Keeping with the spirit of ripping lessons from headlines like I did in last week’s learning communication skills lesson from a police shooting, I think there are some lessons us DBAs can still learn from this FAA fire. All of the facts aren’t in yet, but even if it doesn’t pan out exactly like early reporting is showing it to, the lessons are still valid.
Recovery and Availability Reminders
HA != DR
High Availability and Disaster Recovery are different. HA is needed when you can’t stomach much, if any down time after a failure. Systems need to be back up nearly immediately, or not even go down. DR is for a really bad situation – in many cases it is gone to if a problem is beyond the reach of the HA plans and set up – a server room has melted down, a city is completely without power and connectivity. DR is also, in my mind, a mind set that every shop must have. Think about failures and how to respond.
To the FAA’s credit – this was a fire at a site. For most of my customers that is DR, not HA. But for some of my customers? If they lose a data center? Operations need to keep processing as normal under peak load. I would expect that of the FAA.
In your environments you can have HA or not have it based on your business needs. DR is something you should have figured out to some degree. Whether it is a cold standby someplace that you can restore backups to, an asynchronous Availability Group replica someplace else or knowing how to get to your offsite backups and how long it will take Dell or HP to ship you replacement equipment. Stop confusing the terms and work with the business to figure out what sort of recovery you need.
I like to build HA solutions (Failover Cluster Instances or AlwaysOn Availability Groups) with redundancies everywhere. Redundant switches in separate racks, cross connected to independent physical NICs on servers in separate racks and Power Units, with multiple power supplies from different power units each, etc.

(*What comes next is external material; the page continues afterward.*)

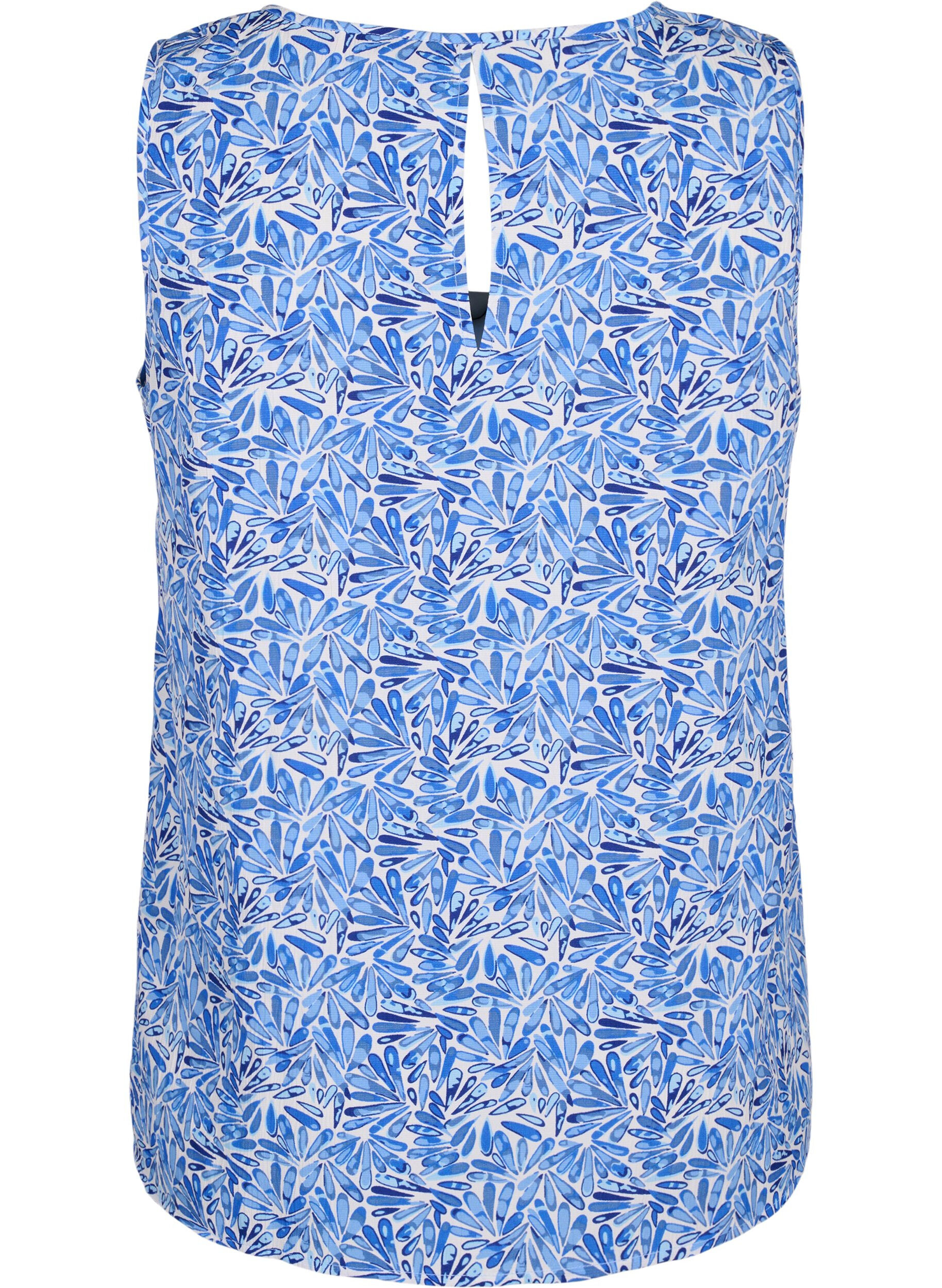 Zizzifashion FLASH - Sleeveless top with print, Blue, Packshot image number 1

Basically? I want my clients to invest in even their HA solutions like just having a “simple failover” locally that is quick and mostly seamless is a rare occurrence that they want to avoid.
The CNN report linked above says:
After the fire, air traffic controllers initially had to manually transfer flight data that normally would be communicated by computer, said Doug Church, spokesman for the National Air Traffic Controllers Association.
Church said the fire damaged the telecom line that transferred flight plans from the airlines to the O’Hare control tower and then to the Aurora control center.
This is an early news story- maybe with inaccuracies – so this isn’t an attack on the FAA – but two things popped out at me in that quote that make good reminders of what I’m getting at here regardless:
- “the telephone line” – now this is filing flight plans for flights that are not yet in the air, I imagine – so it isn’t a life safety issue. But hearing “the” when talking about a really important link in any system is concerning. If you can describe any one important component in any part of your system using the word “the” and singular nouns – you may have yourself a single point of failure. That’s not necessarily evil, but you should make sure it’s what you expected.
- “the fire damaged..” – so this single point of failure caught on fire in a fire set by an employee who apparently lugged a gas can into the basement of the really busy and critical national infrastructure facility he worked at… Physical security is critical, physical fireproofing and protection is critical. Have you been in your server rooms? Have you gone to your colo? Have you interviewed these people who babysit your hardware?
Role Play Scenarios
Another quote in that CNN article talks about the airlines faxing flight plans over when that one phone line got a little melted. This worked – albeit it meant controllers had to double up and air traffic had to plummet to accommodate the slowdowns. In your environment? Think about and talk about the what if scenarios. “What if we failover to colo b – but our sharepoint system isn’t deemed DR worthy, but it contains our phone tree and all of our procedures for recovery?” ask a lot of what ifs, role play through failures. And if you have a step that sounds something like “Department A will just fax these things to Department B and stuff will work like normal” – stop and ask if that makes sense. Maybe in a small office it does. For Amazon.com orders? Not so much. Poke holes in your solutions and see what happens.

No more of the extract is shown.